賞金をかけられ、借金に追われるならず者でありながらも反乱同盟軍の第一デス・スターの破壊に貢献し、その後は軍の将軍に任命されエンドアの森のシールド発生装置破壊作戦を主導、一躍英雄として世間から賞賛された男、ハン・ソロ。反乱同盟軍と帝国軍の戦争後に生まれ、ファーストオーダーの洗脳教育を受けていたフィンでさえ、ハン・ソロに出会うと「英雄だ!」と驚いていた。
母には、惑星オルデランの王女。後に反乱同盟軍を指揮し、レジスタンスでは将軍としての職務をこなし、兄には伝説のジェダイ、ルークを持つレイア。

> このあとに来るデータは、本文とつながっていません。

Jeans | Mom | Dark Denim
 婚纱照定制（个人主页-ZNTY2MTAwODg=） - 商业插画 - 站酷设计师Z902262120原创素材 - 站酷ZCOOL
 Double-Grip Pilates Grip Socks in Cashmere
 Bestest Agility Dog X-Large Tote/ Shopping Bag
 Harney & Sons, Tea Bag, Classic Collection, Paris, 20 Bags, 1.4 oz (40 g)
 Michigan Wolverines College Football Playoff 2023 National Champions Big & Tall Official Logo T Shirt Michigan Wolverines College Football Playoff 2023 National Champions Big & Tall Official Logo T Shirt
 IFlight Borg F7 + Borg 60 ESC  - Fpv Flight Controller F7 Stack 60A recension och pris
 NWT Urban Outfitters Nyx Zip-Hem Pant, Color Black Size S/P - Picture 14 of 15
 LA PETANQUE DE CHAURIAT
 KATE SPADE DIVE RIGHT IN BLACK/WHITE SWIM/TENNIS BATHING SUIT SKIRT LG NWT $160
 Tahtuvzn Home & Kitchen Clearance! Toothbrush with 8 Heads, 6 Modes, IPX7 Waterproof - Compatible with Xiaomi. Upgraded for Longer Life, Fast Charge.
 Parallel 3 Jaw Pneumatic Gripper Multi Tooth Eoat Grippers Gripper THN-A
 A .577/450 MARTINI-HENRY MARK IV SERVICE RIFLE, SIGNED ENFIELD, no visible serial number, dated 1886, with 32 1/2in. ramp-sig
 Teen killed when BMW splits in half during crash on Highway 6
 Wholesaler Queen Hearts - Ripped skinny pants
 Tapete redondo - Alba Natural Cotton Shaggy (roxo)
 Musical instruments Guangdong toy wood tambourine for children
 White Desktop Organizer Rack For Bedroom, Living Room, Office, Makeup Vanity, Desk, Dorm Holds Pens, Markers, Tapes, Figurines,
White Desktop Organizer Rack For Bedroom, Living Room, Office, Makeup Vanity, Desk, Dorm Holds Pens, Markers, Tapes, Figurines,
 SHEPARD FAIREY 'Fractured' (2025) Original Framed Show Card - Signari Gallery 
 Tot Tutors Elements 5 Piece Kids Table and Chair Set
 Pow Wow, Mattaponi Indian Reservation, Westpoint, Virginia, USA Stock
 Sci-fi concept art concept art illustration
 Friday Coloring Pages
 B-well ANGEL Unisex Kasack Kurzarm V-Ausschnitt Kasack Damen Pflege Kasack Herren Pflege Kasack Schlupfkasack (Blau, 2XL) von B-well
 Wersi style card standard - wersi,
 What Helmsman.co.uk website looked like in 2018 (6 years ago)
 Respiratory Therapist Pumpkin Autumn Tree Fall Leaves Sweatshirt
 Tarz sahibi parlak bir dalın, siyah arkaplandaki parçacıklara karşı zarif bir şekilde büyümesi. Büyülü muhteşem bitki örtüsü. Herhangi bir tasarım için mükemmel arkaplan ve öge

世間における役割があまりにも大きいこの両親は、果たして息子ベンを正常な環境下で教育できていたのだろうか。僕は、ソロ一家が『機能不全家族』だったのではないかと思う。
機能不全家族とは親と子供の境界が曖昧、もしくは子供が親に呑み込まれている状態の家族を指します。 本来であれば子供にも人権があり、子供の心、意志、行動の自由(躾を除く)等は尊重されるものですが、機能不全家族では子供にとってこれらの大切なものが、親もしくは家族によって侵入侵害されています。
偉大すぎる両親の元、ベンは二人の『見えない虐待』に晒されていたと思う。父は英雄、母は将軍、おまけに叔父は伝説。この極端すぎる家庭環境下内において、ベンは自分の生きたい道を選択する事が許されただろうか。
おそらくレイアは、息子ベンに、ハン・ソロやルークらのような立派な英雄・戦士になることを望んだのではないか。
彼女はオルデランの王室育ち。幼少の頃から礼儀作法や学問などを徹底的に叩き込まれると、18歳という若さで王女に即位し、同時に史上最年少の帝国元老院にも選ばれている。自らも厳しい規律の元で育ったレイアは、我が子の教育にも同じ方針を選んだはずだ。
ベン・ソロはレイアの母としての愛情に飢えていたはずだ。しかし、ベンが適切な形で愛される事は無かったのではないだろうか。レイアのベンへの厳しい教育は、息子への愛情からなるものではなく、自らの価値観を子に押し付け、『我が息子かくあるべき』という、彼女の『毒親』的な独りよがりによるものだ。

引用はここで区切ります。